Exercise goal: State how many lines of the records contain the string "with". Give the number alone.

** Opening Data provided block **

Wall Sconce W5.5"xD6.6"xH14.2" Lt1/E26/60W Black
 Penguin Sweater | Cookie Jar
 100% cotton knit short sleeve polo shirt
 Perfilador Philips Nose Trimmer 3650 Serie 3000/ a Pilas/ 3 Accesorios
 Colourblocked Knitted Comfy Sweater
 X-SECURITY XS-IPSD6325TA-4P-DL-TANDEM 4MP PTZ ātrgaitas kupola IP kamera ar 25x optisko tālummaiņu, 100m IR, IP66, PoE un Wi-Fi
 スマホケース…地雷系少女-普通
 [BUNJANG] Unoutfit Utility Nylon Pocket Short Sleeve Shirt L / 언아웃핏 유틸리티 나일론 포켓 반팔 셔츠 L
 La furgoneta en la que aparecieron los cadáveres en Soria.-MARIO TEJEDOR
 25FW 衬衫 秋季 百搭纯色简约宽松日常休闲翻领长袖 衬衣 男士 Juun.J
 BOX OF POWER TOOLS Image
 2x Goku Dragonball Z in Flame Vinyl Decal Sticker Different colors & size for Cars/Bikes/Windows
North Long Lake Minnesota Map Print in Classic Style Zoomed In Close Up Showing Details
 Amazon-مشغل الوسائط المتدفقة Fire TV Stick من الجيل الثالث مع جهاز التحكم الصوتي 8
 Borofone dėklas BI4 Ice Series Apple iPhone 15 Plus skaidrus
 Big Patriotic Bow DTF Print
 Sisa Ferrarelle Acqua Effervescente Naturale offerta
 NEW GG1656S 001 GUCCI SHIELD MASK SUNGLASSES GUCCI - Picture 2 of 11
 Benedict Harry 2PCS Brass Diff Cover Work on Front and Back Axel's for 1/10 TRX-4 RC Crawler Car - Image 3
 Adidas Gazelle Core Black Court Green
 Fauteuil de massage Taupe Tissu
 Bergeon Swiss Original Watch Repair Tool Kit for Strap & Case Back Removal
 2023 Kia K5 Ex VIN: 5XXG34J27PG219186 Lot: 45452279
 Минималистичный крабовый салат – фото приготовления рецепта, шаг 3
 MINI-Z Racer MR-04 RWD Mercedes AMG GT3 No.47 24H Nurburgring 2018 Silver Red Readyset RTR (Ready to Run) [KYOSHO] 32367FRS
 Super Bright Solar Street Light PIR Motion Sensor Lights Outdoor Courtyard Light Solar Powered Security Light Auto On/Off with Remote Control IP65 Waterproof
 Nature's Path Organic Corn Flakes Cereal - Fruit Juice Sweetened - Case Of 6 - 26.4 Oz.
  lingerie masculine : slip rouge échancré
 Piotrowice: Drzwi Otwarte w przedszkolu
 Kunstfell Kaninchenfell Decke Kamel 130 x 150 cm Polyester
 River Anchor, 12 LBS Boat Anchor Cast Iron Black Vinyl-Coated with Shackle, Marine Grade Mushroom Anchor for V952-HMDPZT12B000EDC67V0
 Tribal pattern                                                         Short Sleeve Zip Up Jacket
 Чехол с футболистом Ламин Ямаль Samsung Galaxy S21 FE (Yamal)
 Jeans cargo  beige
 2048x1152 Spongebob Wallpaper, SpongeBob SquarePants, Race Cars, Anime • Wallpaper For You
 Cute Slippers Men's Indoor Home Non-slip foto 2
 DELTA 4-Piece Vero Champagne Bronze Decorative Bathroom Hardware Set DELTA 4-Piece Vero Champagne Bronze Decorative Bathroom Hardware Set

** Closing Data provided block **

Solution to the exercise: 2